» Problem requirements: Go to the line below containing "1330 Minnesota Ave, Marysville, MI 48040" and print exactly from there through the line containing "lot 222 image: Ekornes Chair and Ottoman", both included. Print nothing else.

» Supplied data:
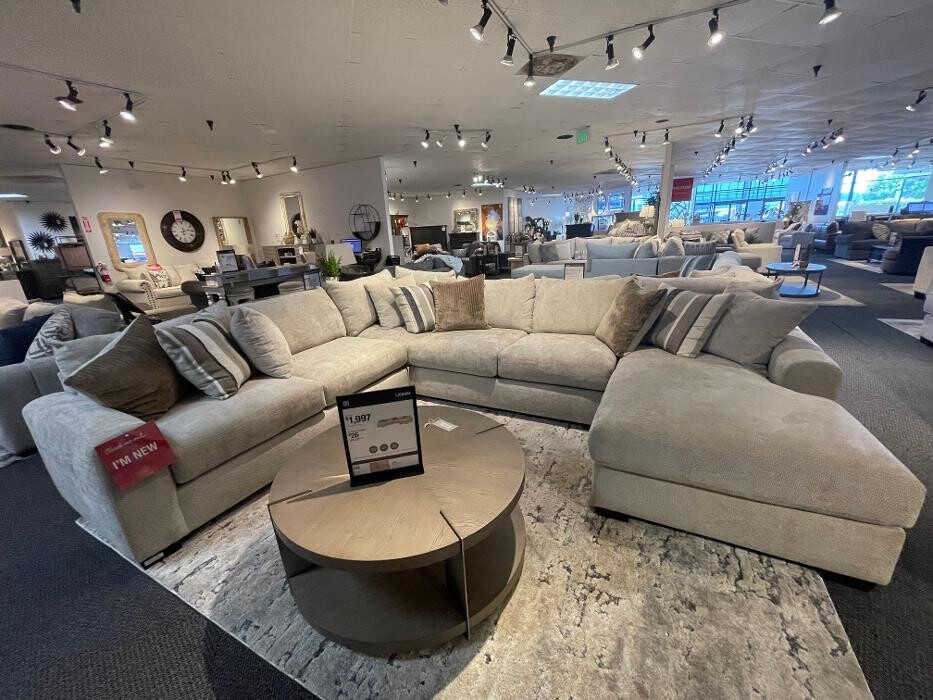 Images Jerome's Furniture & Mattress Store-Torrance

...

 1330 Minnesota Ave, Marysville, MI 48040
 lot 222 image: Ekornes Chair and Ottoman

» Final answer:
 1330 Minnesota Ave, Marysville, MI 48040
 lot 222 image: Ekornes Chair and Ottoman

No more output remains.